Los guerreros se miraban uno a otro. La oferta era muy generosa. No era probable que ofrecieran tanto por la compra de ninguna de ellas.

—No —dijo la mujer con frialdad.

—Entonces permíteme que compre una por un tarn de oro.

Los hombres se miraron entre sí. Las esclavas también. Con esa moneda se podría comprar en el mercado una belleza digna de los jardines de un Ubar.

—Hazte a un lado —dijo la mujer libre.

Incliné la cabeza.

—Muy bien, señora. —Me aparté.

—Me considero insultada —dijo.

—Perdóname, señora, pero no era ésa mi intención. Si he dicho o he hecho algo que pudiera dar esa impresión, te ruego aceptes mis más profundas disculpas.

Me aparté un poco más para permitir que pasara la comitiva.

—Debería hacer que te azoten —dijo la mujer.

—Te he saludado en paz y amistad —dije yo hablando muy despacio.

—Azotadle.

Cogí el brazo del capitán, que se puso pálido.

—¿Has alzado el brazo contra mí? —pregunté.

Le solté el brazo y él retrocedió. Entonces blandió el escudo con un brazo y sacó la espada que llevaba al cinto.

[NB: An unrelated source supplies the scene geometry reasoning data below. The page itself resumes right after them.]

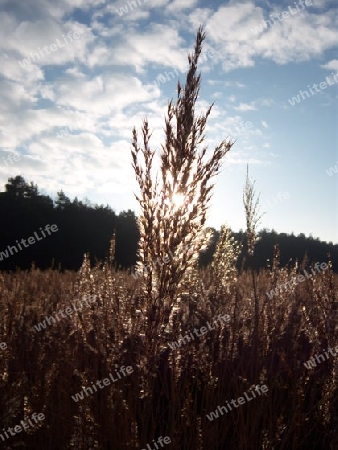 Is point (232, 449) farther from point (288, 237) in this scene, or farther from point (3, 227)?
point (288, 237)

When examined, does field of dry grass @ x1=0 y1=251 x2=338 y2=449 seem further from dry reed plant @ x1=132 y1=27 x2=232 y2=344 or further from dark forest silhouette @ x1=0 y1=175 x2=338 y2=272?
dark forest silhouette @ x1=0 y1=175 x2=338 y2=272

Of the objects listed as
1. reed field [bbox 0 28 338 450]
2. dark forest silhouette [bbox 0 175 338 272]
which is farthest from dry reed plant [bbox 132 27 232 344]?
dark forest silhouette [bbox 0 175 338 272]

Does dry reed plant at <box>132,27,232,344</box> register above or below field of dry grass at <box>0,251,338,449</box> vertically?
above

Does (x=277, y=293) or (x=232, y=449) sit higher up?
(x=277, y=293)

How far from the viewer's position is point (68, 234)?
44.1 m

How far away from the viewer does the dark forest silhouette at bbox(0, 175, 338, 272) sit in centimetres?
4128

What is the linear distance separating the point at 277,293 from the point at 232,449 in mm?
1703

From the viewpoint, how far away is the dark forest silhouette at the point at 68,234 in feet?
135

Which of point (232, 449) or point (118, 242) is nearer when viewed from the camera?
point (232, 449)

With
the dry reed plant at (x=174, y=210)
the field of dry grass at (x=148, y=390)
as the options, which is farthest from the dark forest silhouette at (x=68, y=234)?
the dry reed plant at (x=174, y=210)

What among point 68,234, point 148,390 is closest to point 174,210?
point 148,390

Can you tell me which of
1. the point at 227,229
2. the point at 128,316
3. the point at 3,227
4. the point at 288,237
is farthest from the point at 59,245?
the point at 128,316

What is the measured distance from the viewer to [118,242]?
152 ft

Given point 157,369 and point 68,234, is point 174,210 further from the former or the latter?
point 68,234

—¿Qué pasa? —preguntó la mujer.

—Silencio, mujer loca —dijo el capitán.

Ella gritó de furia. ¿Pero qué sabía ella de los códigos?

Paré su ataque y lo devolví. Él cayó a mis pies. Decidí no matarle.

—¡Aiii! —gritó una de las esclavas.

—¡Matadle! ¡Matadle! —gritaba la mujer libre. Las esclavas chillaban.

Los hombres también gritaban de furia.

—¿Quién es el próximo? —pregunté.

Se miraron unos a otros.

—¡Ayudadme! —dijo el capitán. Dos hombres fueron hacia él y le ayudaron a ponerse en pie. Sangraba. Me miró, apoyándose en sus dos hombres.

Yo estaba preparado.

Me miró y sonrió.

—No me has matado —dijo.

Me alcé de hombros.

—Estoy agradecido —dijo.

Incliné la cabeza.

—Conozco las habilidades de mis hombres —añadió el capitán—. No son malos guerreros, ya entiendes.

—Estoy seguro de que no lo son.

—No voy a mandarlos contra ti. —Me miró—. Eres un tarnsman.

—Sí.

—¡Mátale! —gritaba la mujer libre—. ¡Mátale!

—Has confundido a este hombre —dijo el capitán—. Y él ha actuado dentro de los códigos.

—¡Te ordeno que le mates! —gritó la mujer señalándome.

—¿Nos permitirás pasar, guerrero? —preguntó el capitán.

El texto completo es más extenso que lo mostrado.